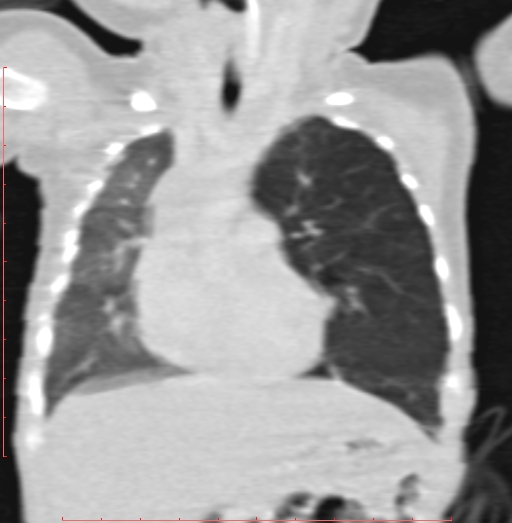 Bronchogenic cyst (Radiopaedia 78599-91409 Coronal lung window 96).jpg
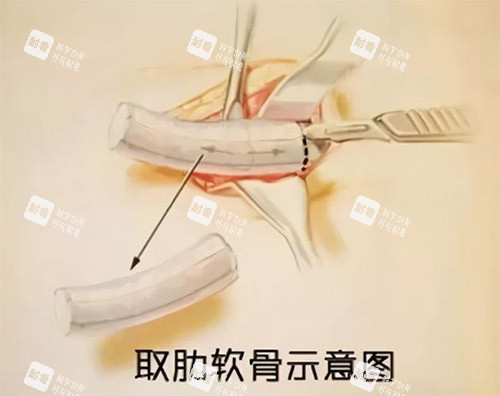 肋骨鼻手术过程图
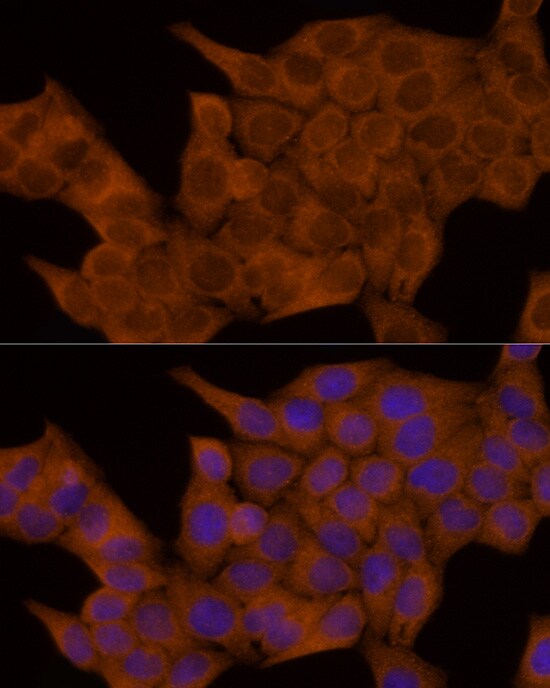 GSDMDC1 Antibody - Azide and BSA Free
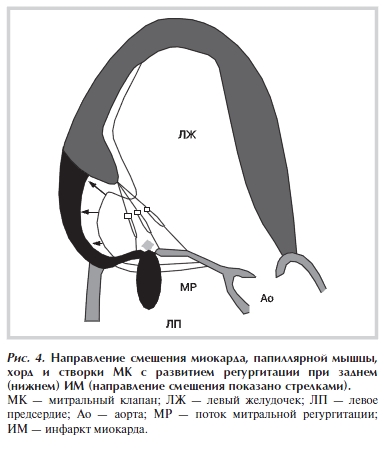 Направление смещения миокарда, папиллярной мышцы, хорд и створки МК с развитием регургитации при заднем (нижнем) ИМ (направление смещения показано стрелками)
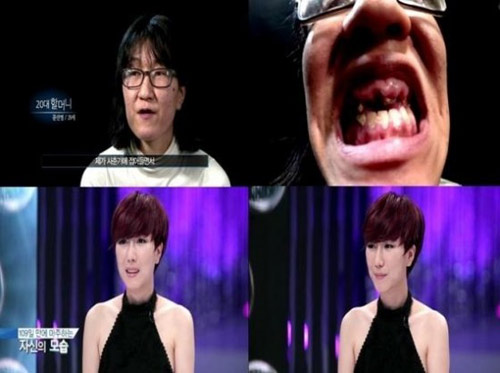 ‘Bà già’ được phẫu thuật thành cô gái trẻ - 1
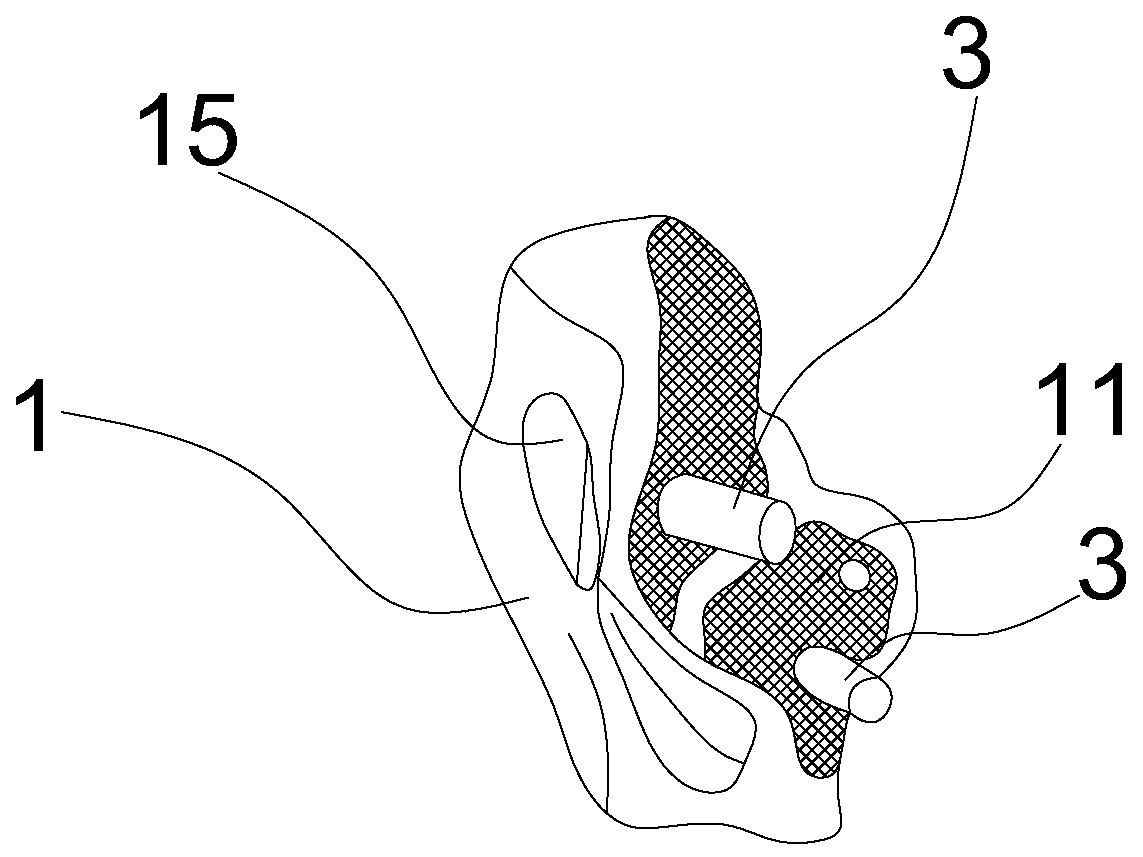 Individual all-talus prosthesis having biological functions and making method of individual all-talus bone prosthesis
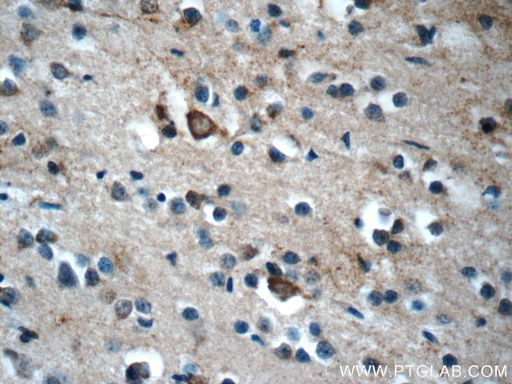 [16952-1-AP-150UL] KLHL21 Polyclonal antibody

* * *

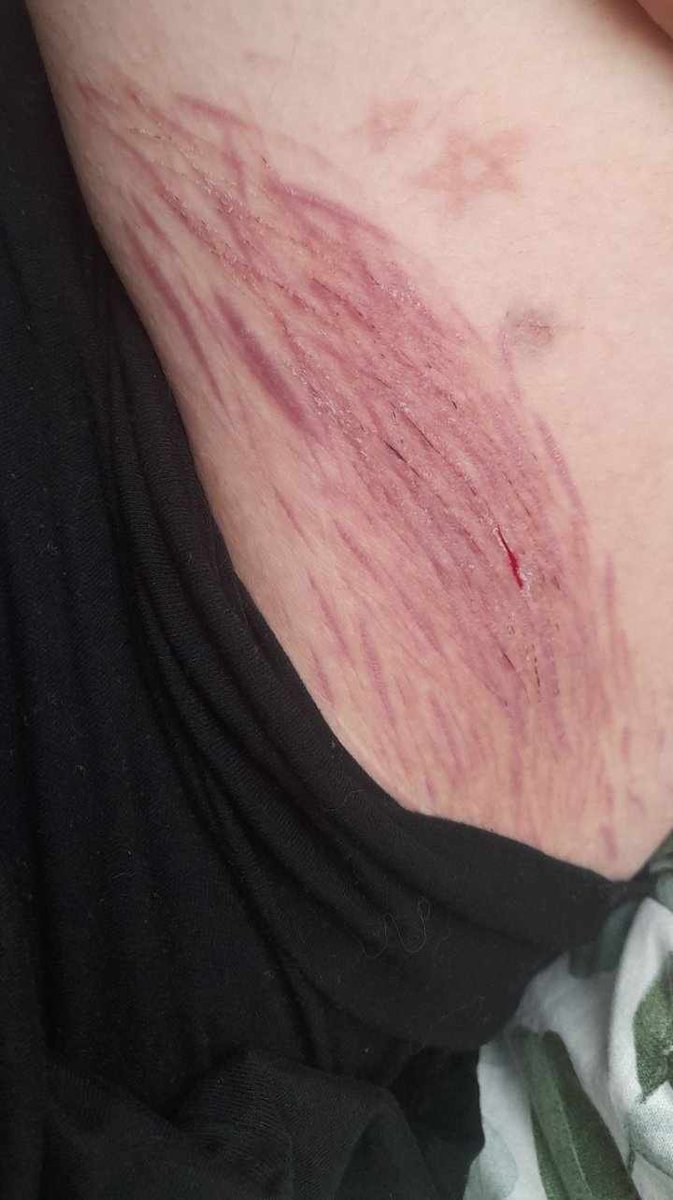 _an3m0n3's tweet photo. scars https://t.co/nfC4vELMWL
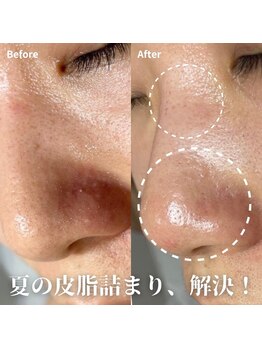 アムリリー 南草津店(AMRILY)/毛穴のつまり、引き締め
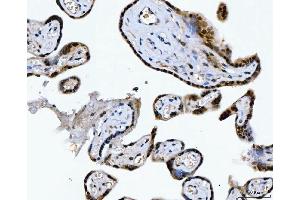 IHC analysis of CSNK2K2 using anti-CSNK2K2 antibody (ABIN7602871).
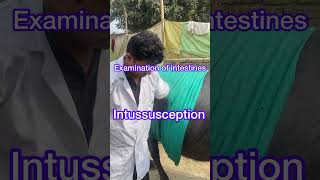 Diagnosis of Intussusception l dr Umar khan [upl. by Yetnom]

==

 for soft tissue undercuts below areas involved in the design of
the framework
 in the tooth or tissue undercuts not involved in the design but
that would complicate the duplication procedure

▸ **Directions**
Return the stretch of data that begins with the line showing "gái trẻ - 1" and goes on through the line showing "[16952-1-AP-150UL] KLHL21 Polyclonal", exactly, with pictures removed.

▸ **Response**
 ‘Bà già’ được phẫu thuật thành cô gái trẻ - 1
 Individual all-talus prosthesis having biological functions and making method of individual all-talus bone prosthesis
 [16952-1-AP-150UL] KLHL21 Polyclonal antibody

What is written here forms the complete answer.